If it's a coolant hose goes into the firewall, it's most likely a heater hose.

Try:
www.gmpartsdirect.com

They have parts diagrams to verify what you looking for.


----------



## MnXruzeTakeover (Apr 23, 2021)

Ok thanks


----------



## JLL (Sep 12, 2017)

Your welcome


----------



## MnXruzeTakeover (Apr 23, 2021)

JLL said:


> If it's a coolant hose goes into the firewall, it's most likely a heater hose.
> 
> Try:
> www.gmpartsdirect.com
> ...


Yeah I'm not finding it its showing me 2 hoses for the heater hose here's my old water outlet


----------



## MnXruzeTakeover (Apr 23, 2021)

MnXruzeTakeover said:


> Yeah I'm not finding it its showing me 2 hoses for the heater hose here's my old water outlet
> View attachment 293210


----------



## Thebigzeus (Dec 2, 2018)

Looks like Amazon.com: Dayco MOLDED HTR HOSE (87993): Automotive


----------



## JLL (Sep 12, 2017)

The hose in the picture?


----------



## MnXruzeTakeover (Apr 23, 2021)

Thebigzeus said:


> Looks like Amazon.com: Dayco MOLDED HTR HOSE (87993): Automotive


Yup that's the one thanks I have ZZperformance TB spacer I had to remove my whole intake just to get to it just like when I just replaced my water outlet I couple weeks ago it's a tight squeeze


----------



## Thebigzeus (Dec 2, 2018)

Sure no worries.
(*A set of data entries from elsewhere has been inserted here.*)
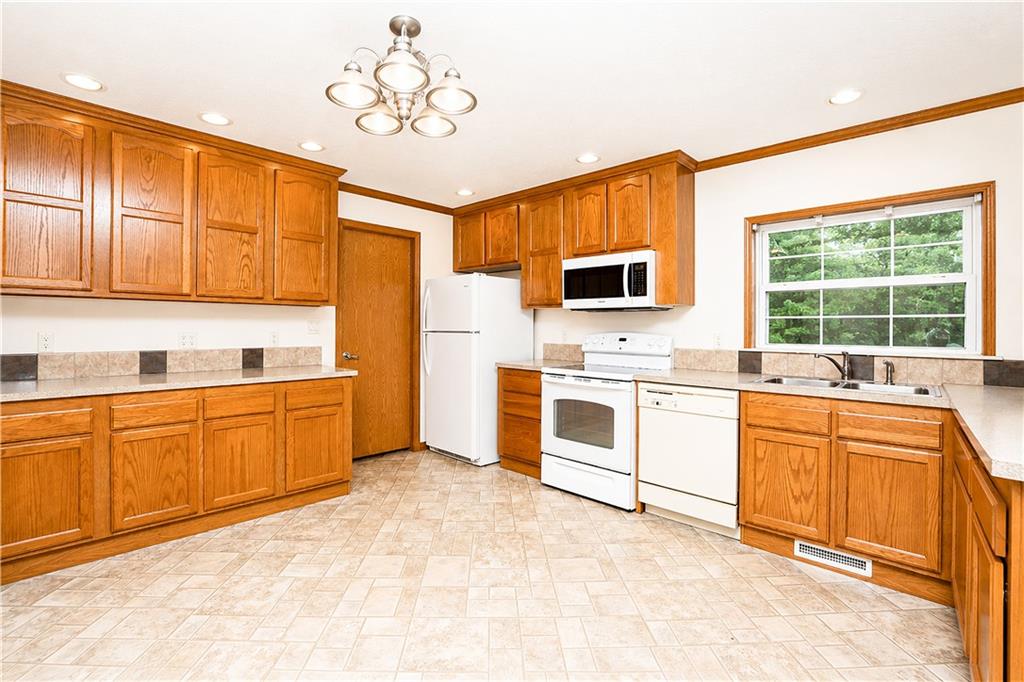 1301 Shenango Road Darlington, PA 16115 - Photo 9 of 30 Gallery Image 9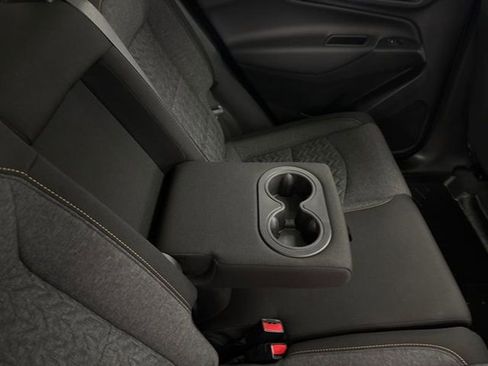 Used 2022 Chevrolet Equinox LT image 26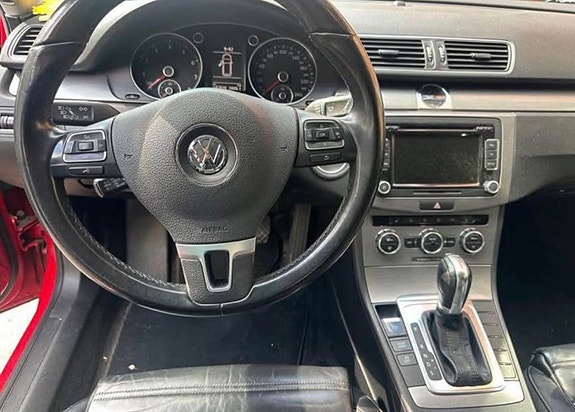Volkswagen Passat 6 of 7
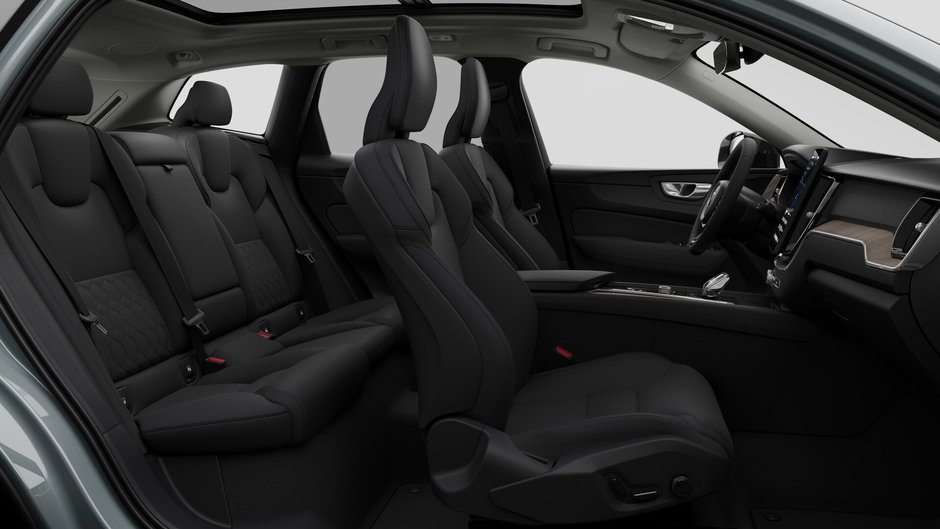 2027 Volvo XC60 Plus (Dark Theme)-12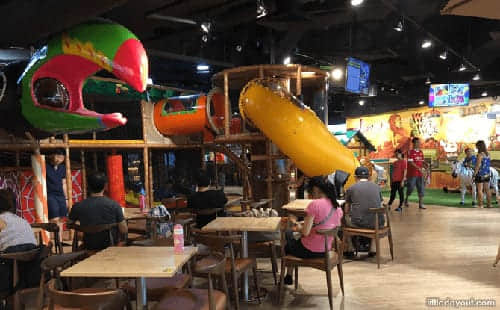 WakaWaka indoor play park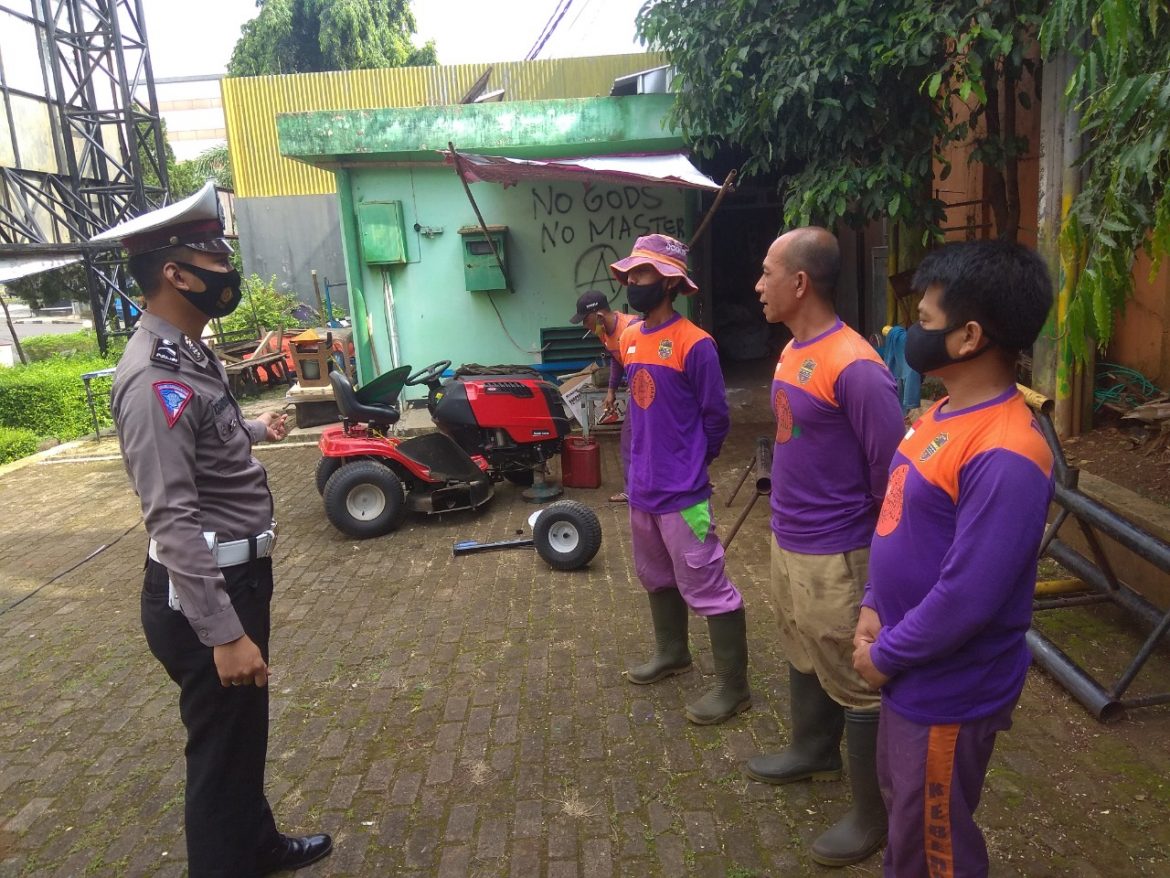Tumbuhkan Kesadaran Dalam Berlalu Lintas Personel Satlantas Polres Ciamis Gelar Dikmas Kepada Pengguna Jalan
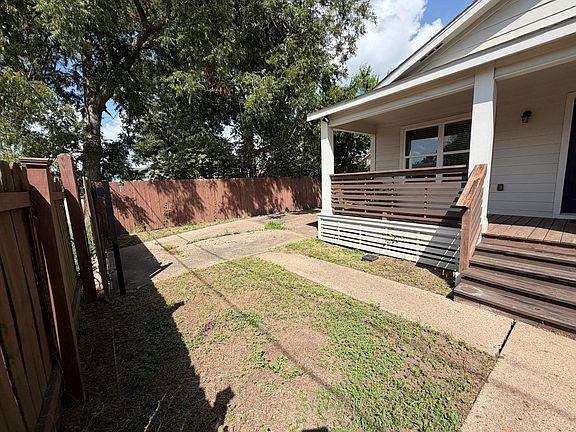3rd image of 1309 Tarley St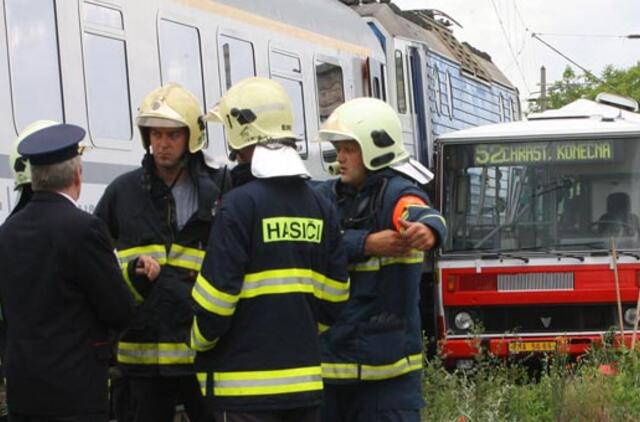 Prieš autobuso susidūrimą su traukiniu spėta evakuoti keleivius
I have a tb spacer too and it can make replacing parts extra annoying.


----------



## Blasirl (Mar 31, 2015)

Cooling hose diagrams


----------



## Goodman alan (1 mo ago)

MnXruzeTakeover said:


> Yeah I'm not finding it its showing me 2 hoses for the heater hose here's my old water outlet
> View attachment 293210


Is this the heater control valve on a 2012 chevy cruze


----------



## Blasirl (Mar 31, 2015)

Goodman alan said:


> Is this the heater control valve on a 2012 chevy cruze


Is *what* the heater control valve?


----------